*** Input ***

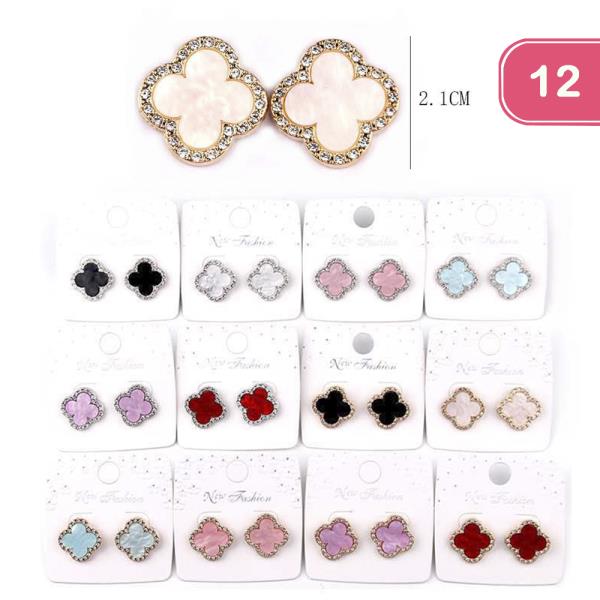 CLOVER STUD EARRING (12 UNITS)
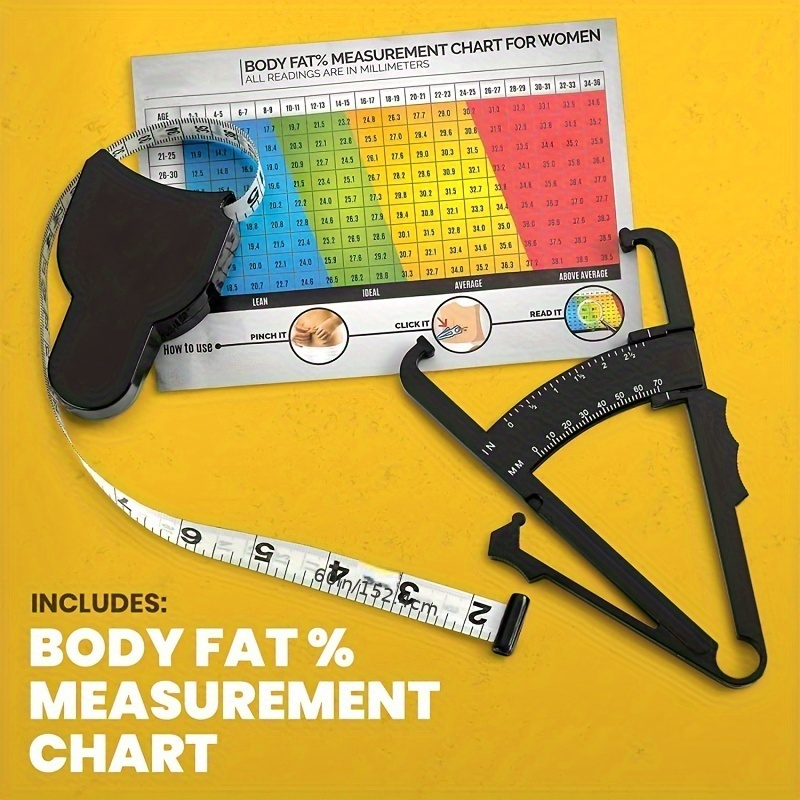 2pcs body fat measurement kit abs handheld fat caliper tape measure combo uncharged tracking tools for men women portable body fat percentage chart included no battery required details 1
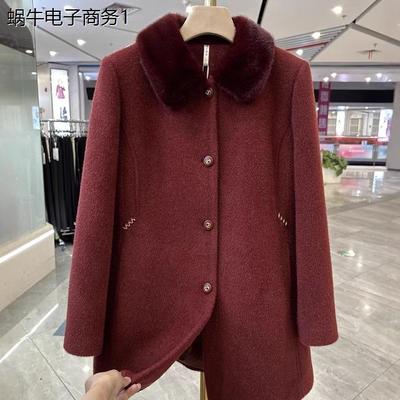 妈妈中长款夹羽绒毛呢外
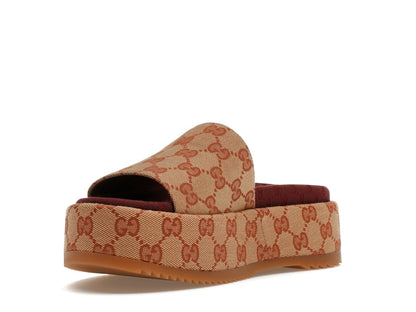 Gucci GG Supreme Platform Sandal Dark Red (Women's) - VOSneakers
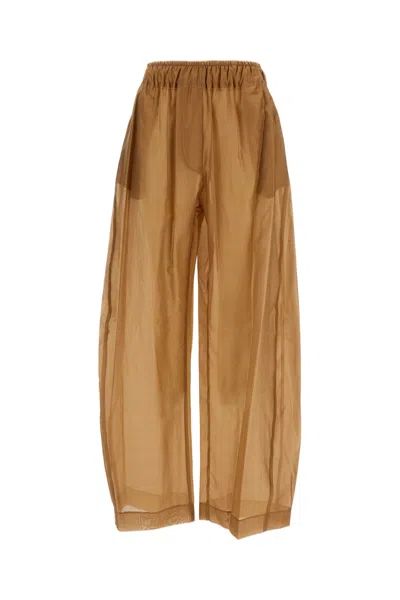 The Latest Wide-leg Trousers With Elastic Waistband And Sheer Fabric In Brown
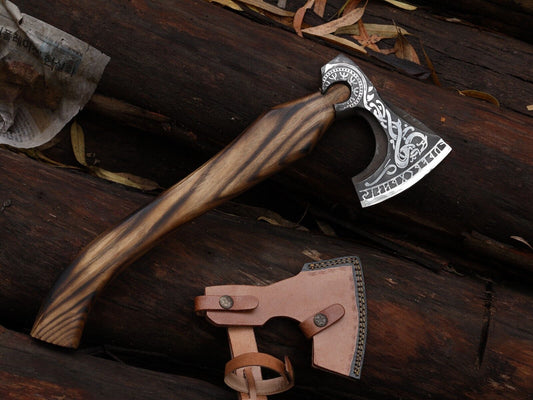 Custom Forged Viking Tomahawk Axe with Ash Wood Handle and Leather Sheath
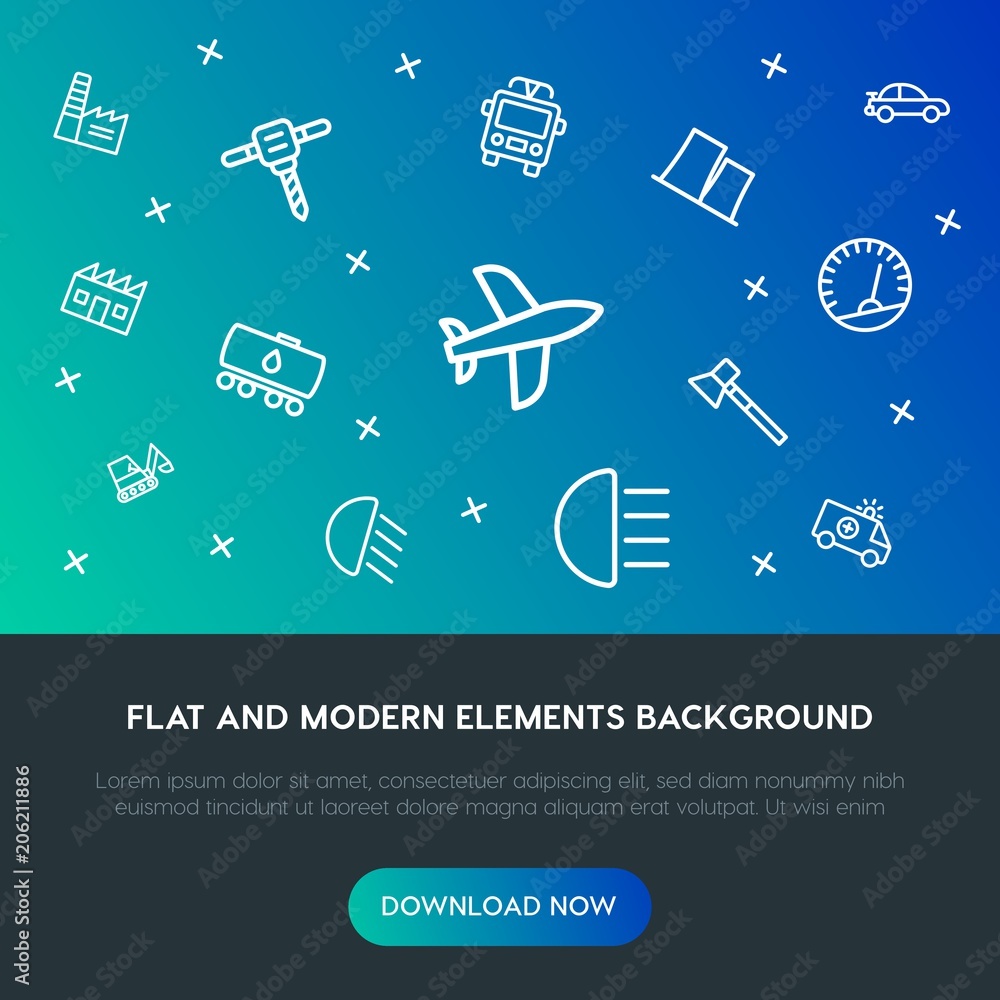 Poster transports, industry outline vector icons and elements background concept on gradient background.mul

*** End of Input ***

Exactly as written above, print every line of the data but not its pictures.

* Written response
 CLOVER STUD EARRING (12 UNITS)
 2pcs body fat measurement kit abs handheld fat caliper tape measure combo uncharged tracking tools for men women portable body fat percentage chart included no battery required details 1
 妈妈中长款夹羽绒毛呢外
 Gucci GG Supreme Platform Sandal Dark Red (Women's) - VOSneakers
 The Latest Wide-leg Trousers With Elastic Waistband And Sheer Fabric In Brown
 Custom Forged Viking Tomahawk Axe with Ash Wood Handle and Leather Sheath
 Poster transports, industry outline vector icons and elements background concept on gradient background.mul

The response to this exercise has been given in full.